According to the unanimous May 4 ruling by a three-judge panel in Fedie R. Redd vs. New York State Division of Parole, Ms. Redd, who was a parole officer in Queens, N.Y., said she was touched on her breast three times over a five-month period in 2005 by her female supervisor, Sarah Washington.
A lower court dismissed her complaint of a hostile work environment due to sexual harassment, stating that the alleged acts were “relatively minor, incidental physical contact” and that a jury would not find the parole department supervisor's conduct to “be so severe or pervasive as to be objectively hostile or abusive.”
However, the appeals court panel disagreed and overturned the lower court.
“Taking the evidence in the light most favorable to Redd and accepting her version of the events as true, as we are required to do and a jury would be permitted to do, we have several difficulties with the district court's conclusion that no rational juror could find that Washington had sexually abused Redd because of her sex and that the abuse was not sufficiently severe to create a hostile work environment in violation of Title VII,” the panel ruled in saying Ms. Redd interpreted the contact as homosexual advances.
“We see no principled reason why a jury, considering the evidence of repeated touching of such gender-specific body parts, would not be permitted to draw the same inference,” the court said.
While the supervisor denied she sexually harassed or touched Ms. Redd in an inappropriate way, “the jury would not be required to believe those denials; hence the district court, in determining whether the division was entitled to judgment as matter of law, was required to disregard them,” the appeals court ruled.
The district court also failed to view the record in the light most favorable to Ms. Redd “or credit inferences that were permissible from her descriptions of the events she physically experienced,” the appeals court said. “The repeated touching of intimate parts of an unconsenting employee's body is by its nature severely intrusive and cannot properly be characterized as abuse that is "minor,'” the court said.

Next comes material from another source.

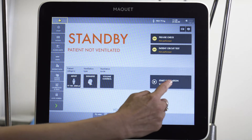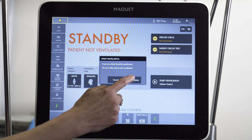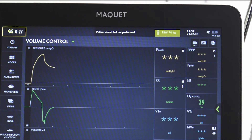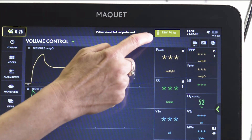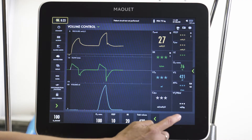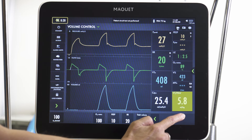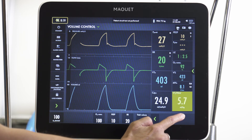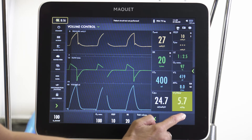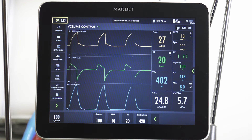Once we've entered these settings and we start ventilation, we can note in the upper right hand corner our predicted body weight, which then allows us to see in the lower right hand corner the dose and tidal volume that we're giving — which again should be about 6 milliliters per kilogram ideal body weight in order to use a lung protective strategy.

“This is not the manner in which women routinely interact” and such conduct is not normal for the workplace, the appeals court ruled in citing the U.S. Supreme Court's 1998 ruling in Joseph Oncale vs. Sundowner Offshore Services Inc., in which the nation's high court ruled that same-sex workplace harassment is prohibited.
“Nor, with the record viewed as a whole and in the light most favorable to Redd, could Washington's physical contacts properly be characterized as "incidental.'” In each instance, a jury could find Ms. Washington “had contrived to be in close proximity to Redd,” the court said.
The court said it also disagreed with the district court's conclusion that the alleged incidents were episodic, rather than continuous or concerted.
“The evidence that Washington repeatedly touched Redd's breasts; that Washington never apologized or indicated in any other way that her touching were accidental; that Washington repeatedly requested that Redd come into her office even though she was not Redd's immediate supervisor; and that Redd, apprehensive of further repetition, consequently felt the need to avoid Washington, would all allow a rational juror to find that Washington's conduct was not only severe but pervasive,” the appeals court ruled in remanding the case for further proceedings.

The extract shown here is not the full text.